● **Provided information**

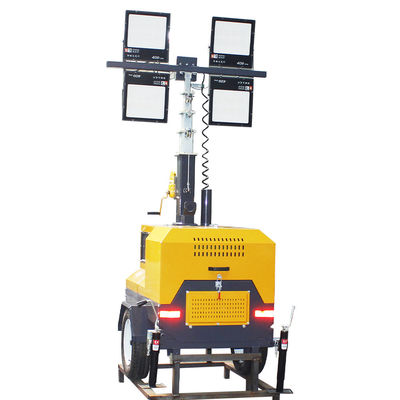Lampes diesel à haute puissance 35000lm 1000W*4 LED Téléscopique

* * *

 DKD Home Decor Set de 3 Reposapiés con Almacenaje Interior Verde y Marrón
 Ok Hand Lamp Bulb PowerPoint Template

● **What you will do**
Looking at the entries above, can you reproduce exactly the lines from the one that holds "DKD Home Decor" through the one that holds "Ok Hand Lamp Bulb PowerPoint Template", and only those?

● **Your response**
 DKD Home Decor Set de 3 Reposapiés con Almacenaje Interior Verde y Marrón
 Ok Hand Lamp Bulb PowerPoint Template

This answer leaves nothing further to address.